A pessoa atingida estará protegida por um amparo legal? Pode ser. Mas de que adianta a reclamação e a aplicação da lei frente a disseminação digital de uma difamação baseada em uma informação falsa? A reversão de uma imagem deturpada na era das redes sociais é algo muito complicado. Não chegará a todos e a pessoa ficará marcada pela falsificação.
Além de invadir direitos mais elementares dos cidadãos, como a preservação de sua imagem e de sua identidade, o jornalista chama a atenção para o estrago que esse tipo de programa poderá fazer em uma campanha política. Segundo ele, o VoCo foi apresentado ao público, mas nunca foi lançado pois a Adobe “sabe que o terreno é perigosíssimo”. Isso porque “a quantidade de áudios vazados do WhatsApp de políticos mil vão pipocar por aí, de forma convincente, falando sempre as maiores atrocidades, ou cometendo desvios feios, porém discretos o suficiente para que pareçam críveis”.

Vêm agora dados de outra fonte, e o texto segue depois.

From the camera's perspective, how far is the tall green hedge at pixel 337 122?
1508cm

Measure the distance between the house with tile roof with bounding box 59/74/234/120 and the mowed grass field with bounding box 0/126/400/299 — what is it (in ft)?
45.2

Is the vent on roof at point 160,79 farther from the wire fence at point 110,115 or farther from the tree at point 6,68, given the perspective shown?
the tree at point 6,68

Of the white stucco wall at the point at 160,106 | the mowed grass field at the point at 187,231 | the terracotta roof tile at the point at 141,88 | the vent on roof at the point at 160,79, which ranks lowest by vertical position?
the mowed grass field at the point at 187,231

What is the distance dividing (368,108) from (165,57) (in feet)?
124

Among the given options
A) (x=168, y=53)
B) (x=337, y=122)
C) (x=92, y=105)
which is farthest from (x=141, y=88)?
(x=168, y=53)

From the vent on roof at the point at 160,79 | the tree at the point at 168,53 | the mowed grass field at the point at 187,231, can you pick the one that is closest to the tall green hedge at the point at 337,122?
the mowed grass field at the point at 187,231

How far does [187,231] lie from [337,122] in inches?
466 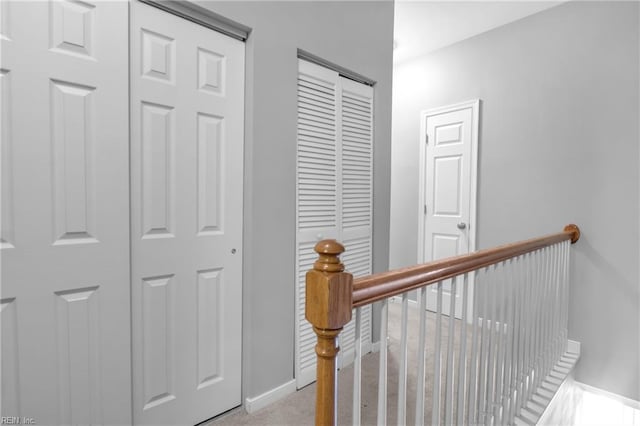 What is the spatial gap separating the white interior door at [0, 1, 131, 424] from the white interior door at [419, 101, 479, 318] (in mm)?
2754

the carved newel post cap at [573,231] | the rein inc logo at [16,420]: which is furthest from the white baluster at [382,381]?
the carved newel post cap at [573,231]

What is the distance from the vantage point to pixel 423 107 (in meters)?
3.70

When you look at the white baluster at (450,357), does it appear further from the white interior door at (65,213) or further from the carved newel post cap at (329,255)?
the white interior door at (65,213)

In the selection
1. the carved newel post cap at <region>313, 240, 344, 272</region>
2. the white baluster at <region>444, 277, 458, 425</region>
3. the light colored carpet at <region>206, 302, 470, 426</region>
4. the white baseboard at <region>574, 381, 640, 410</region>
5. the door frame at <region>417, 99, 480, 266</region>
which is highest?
the door frame at <region>417, 99, 480, 266</region>

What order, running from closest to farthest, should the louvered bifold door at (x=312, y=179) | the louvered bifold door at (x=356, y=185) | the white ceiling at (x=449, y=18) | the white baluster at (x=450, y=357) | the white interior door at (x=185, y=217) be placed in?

As eleições de 2018 no Brasil, que levaram ao poder executivo o que existe de pior na política nacional, foi marcada por pacotes de disparos de mensagens de Whatsapp que propagavam notícias falsas. As falsificações que vi eram toscas e primárias. Mas, ainda assim, elas deram o tom da disputa, atropelando o jornalismo e as campanhas tradicionais. Isso foi possível porque temos por estas bandas do globo, uma população com baixa escolaridade, com uma formação política precária e baixo poder de discernimento, algo que ficou empiricamente comprovado com a eleição de Jair Bolsonaro para a presidência.
Se fake news precárias já fizeram um grande estrago, pensem em como seria com a construção de fatos mentirosos, com toda essa sofisticação tecnológica que se aprofunda a cada dia.
Vivemos, então, esse paradoxo. A tecnologia rompeu barreiras, democratizou a informação, deu voz a qualquer um que tenha acesso a um aparelho com sinal de internet. Por outro, lado esta mesma tecnologia, através de uma comunicação bruta, persuasiva e sem depurações, tem pavimentado o êxito de projetos incrivelmente autoritários e anacrônicos.
Espero que ainda tenhamos tempo, espaço e as condições necessárias para enfrentar a briga no campo virtual e, a partir daí, realizar o ideal de fomentar entre a população brasileira um ambiente de formação, de debate e de senso crítico.